De l’aveu même de Franck, Frère Philippe n’était pas spécialement apprécié puisqu'"il était le plus rude de tous". Mais l’éducateur au fort accent du Sud avait aussi de très bons côtés.

"Malgré la sévérité dont il savait faire preuve, il n'était pas inaccessible et nous pouvions parler et rigoler avec lui comme avec les autres éducateurs. Nous n'avions pas peur de lui et ne craignions pas de faire des activités avec lui. En particulier, il était assez doué en football et nous aimions bien jouer avec lui car nous progressions plus qu'avec les autres éducateurs qui avaient plus de mal dans cette activité", conclut Franck.

Tout ça, l’ancien pensionnaire l’a raconté aux enquêteurs puisqu’il a été entendu comme beaucoup d’autres enfants de l’époque. Pour évoquer les agissements supposés de Frère Philippe ainsi que le comportement des autres encadrants dans ces années-là. De précieux témoignages qui sont encore analysés et décortiqués par les gendarmes en charge de la disparition d’Émile.

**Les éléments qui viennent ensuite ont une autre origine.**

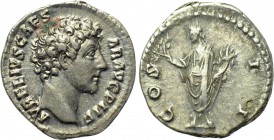 MARCUS AURELIUS (Caesar, 139-161). Denarius. Rome.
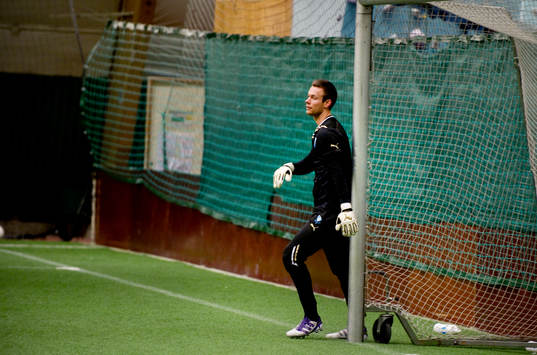 Viktor Noring, målvakt är utlånad till Malmö FF från
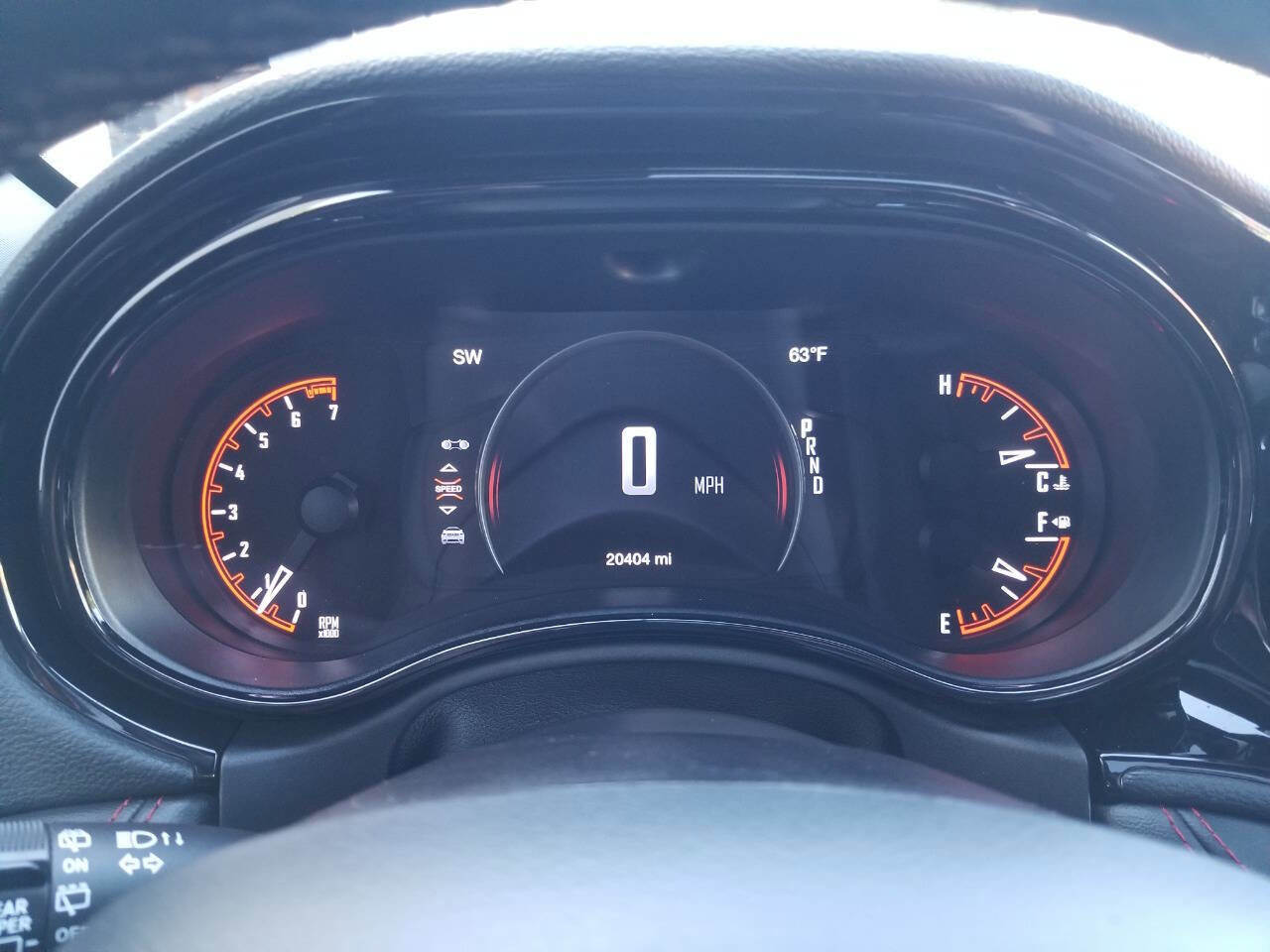Certified 2024 Dodge Durango GT image 26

Contacté par téléphone, l’entourage du grand-père du petit garçon "ne souhaite pas s’exprimer". Son avocate rappelle, dans un communiqué transmis ce mercredi 20 mars, que Philippe V. avait été placé sous le statut de témoin assisté en 2018 concernant les soupçons de violences à Riaumont, et qu'un non-lieu devrait être prononcé le concernant lors de la fin de l'instruction.